● Stored items

* * * * *

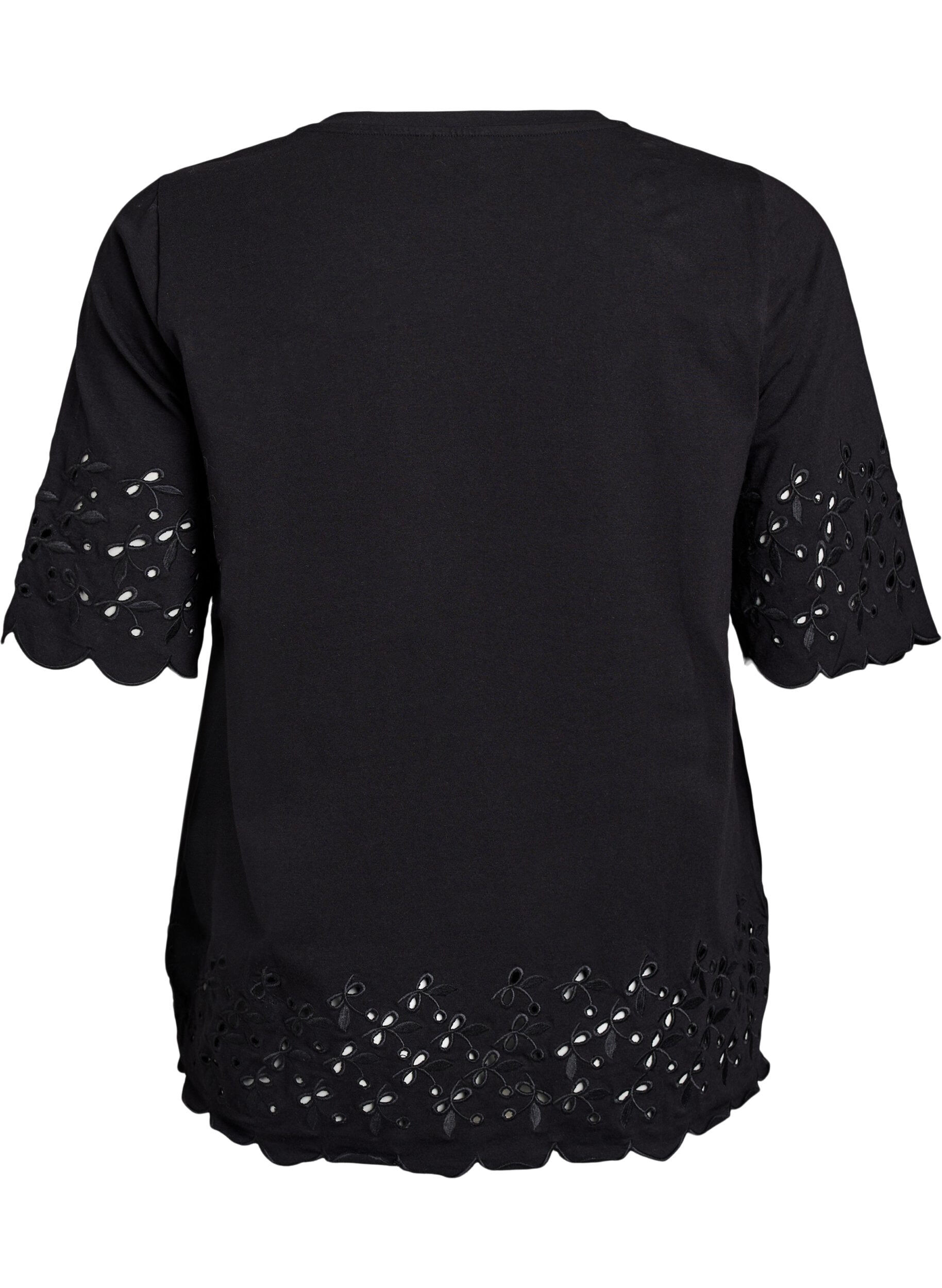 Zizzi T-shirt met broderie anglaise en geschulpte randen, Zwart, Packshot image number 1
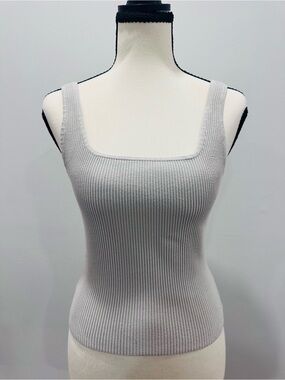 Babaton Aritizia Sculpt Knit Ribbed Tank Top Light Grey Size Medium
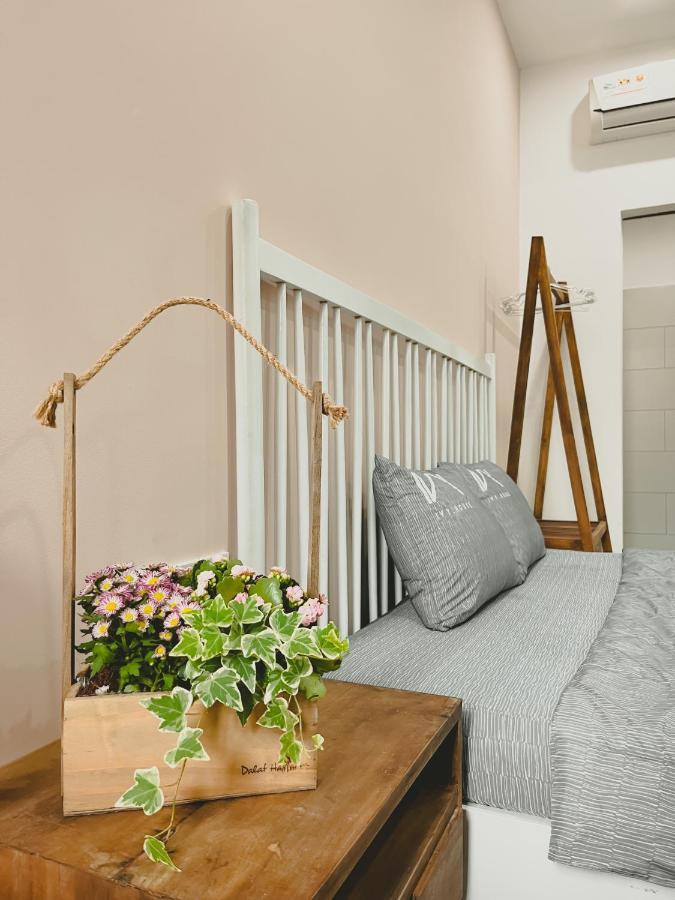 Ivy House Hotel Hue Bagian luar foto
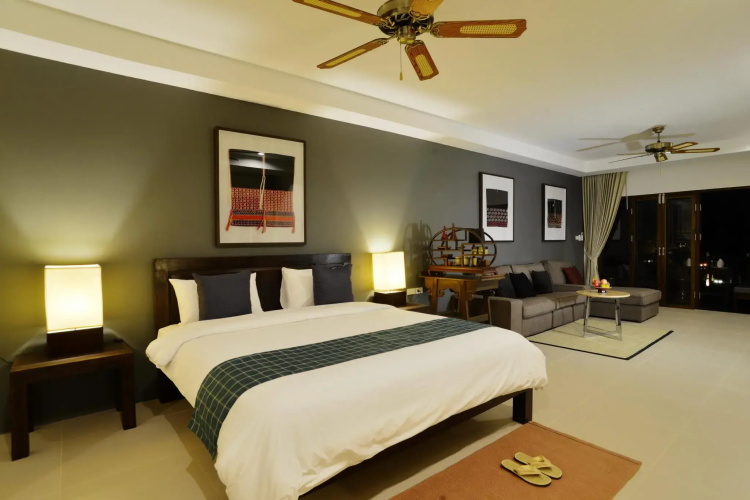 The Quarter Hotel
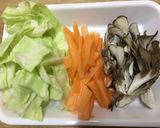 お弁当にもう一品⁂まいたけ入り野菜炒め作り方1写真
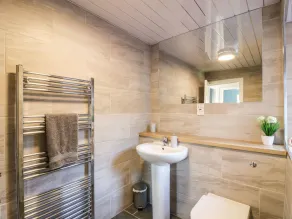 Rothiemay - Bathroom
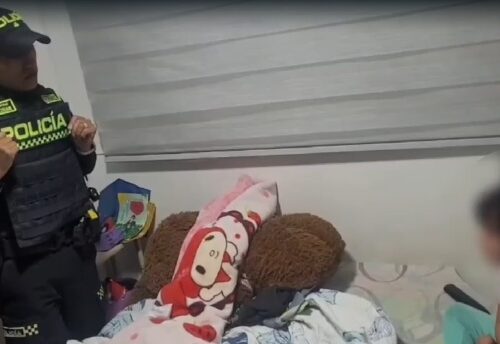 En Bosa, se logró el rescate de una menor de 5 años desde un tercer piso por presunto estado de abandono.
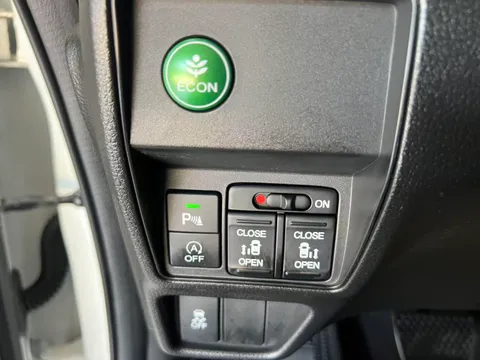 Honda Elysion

* * * * *

● What is expected
An exact copy of the lines from the one with "Ivy House Hotel Hue Bagian luar foto" through the end of the records: produce that and nothing more, leaving out the pictures.

● Response to the task
 Ivy House Hotel Hue Bagian luar foto
 The Quarter Hotel
 お弁当にもう一品⁂まいたけ入り野菜炒め作り方1写真
 Rothiemay - Bathroom
 En Bosa, se logró el rescate de una menor de 5 años desde un tercer piso por presunto estado de abandono.
 Honda Elysion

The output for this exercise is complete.